The Forest-PointNet model samples 1024 points as inputs, applies input and feature variations, and then aggregates the features through maximum pooling. The output is the predicted likelihood of category classification. The Forest-PointNet model is divided into two main network modules: the classification network and the segmentation network (Figure 9). The classification network and segmentation network are not independent. The classification network extracts the global features of the input point cloud, while the segmentation network fuses the global and local features for feature extraction and classification.

Segmentation of the vertical structure of complex forests requires the separation of ground and non-ground points, and, consequently, the segmentation of the ground portion of the point cloud. However, trees have complex growth patterns and do not adhere to specific growth patterns for which standardized a priori knowledge exists. The same is true for bushes, making it difficult to achieve separate identification of trunk and bush layers with general techniques, especially without a priori knowledge.

To address this issue, two approaches were taken in this study. First, the point cloud normal vectors were added to the features of the labeled point cloud. The estimation of point cloud normal vectors was carried out using the method based on local surface fitting [35,36]. The surfaces of the trunk, leaf, bush, and ground point cloud models are essentially smooth, which aligns with the premise of a localized surface-fitting-based approach. This estimation is performed in two steps. In the first step: an initial estimation of normal vectors based on local surface fitting, for each point x_i in the point cloud of the forest, search for the k points closest in distance to that point for the k-nearest neighbors of x. Fit a local plane in the least-squares sense, denoted P, to the nearest k of x_i, the normal vector of the local plane P is denoted as n, then the normal vector of the plane is:

$$P(n,d_i)=\underset{(n,d_i)}{{\displaystyle \arg \min }}{\displaystyle \sum _{m=1}^k{(n\cdot x_m-d_i)}^2}$$

(2)

where d_i is the distance from the coordinate origin O to the plane.

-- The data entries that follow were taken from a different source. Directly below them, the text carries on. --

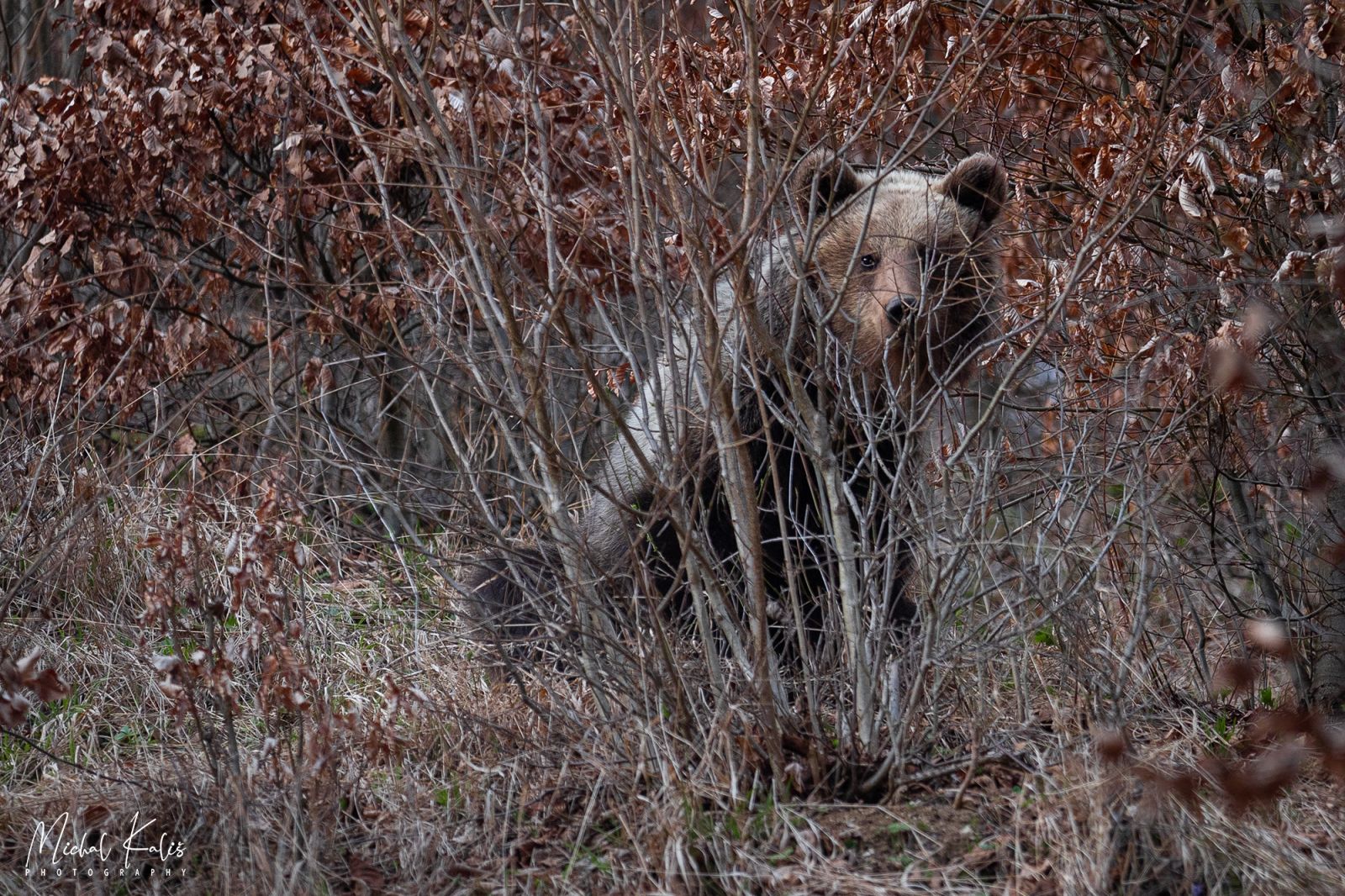 Vláda navrhuje schváliť zákon o odstrele medveďov v skrátenom konaní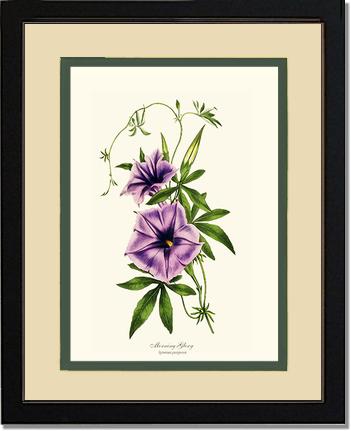 Morning Glory | Flower/Floral Art Print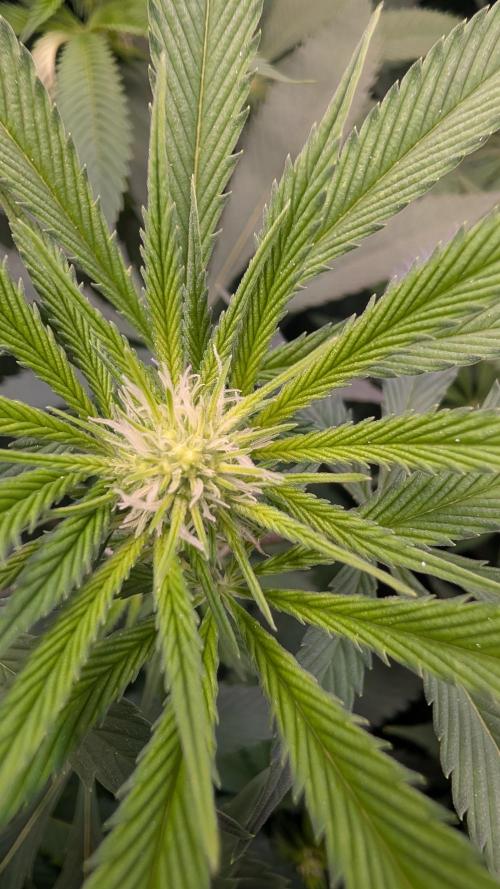 Cup Winning Strains 2026. Week 8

Next, we obtain the eigenvectors from the principal element analysis of the covariance matrix corresponding to the point x. Then, when ||$\hat{n}$|| = 1, the smallest eigenvalue corresponds to the eigenvector that is the optimal solution, that is, the normal vector that is sought.

The normal vectors obtained by local surface fitting are not uniformly oriented and cannot be applied directly. So, further reorientation of the obtained normal vectors is required, constructing an undirected connected graph G, determining the initial point of normal vector propagation and the correct normal vector direction as well as the propagation direction, redirecting all the points in the point cloud by the propagation direction, and obtaining estimated normal vectors that can be correctly applied, the final result is the input point cloud data in the format (x,y,z,p).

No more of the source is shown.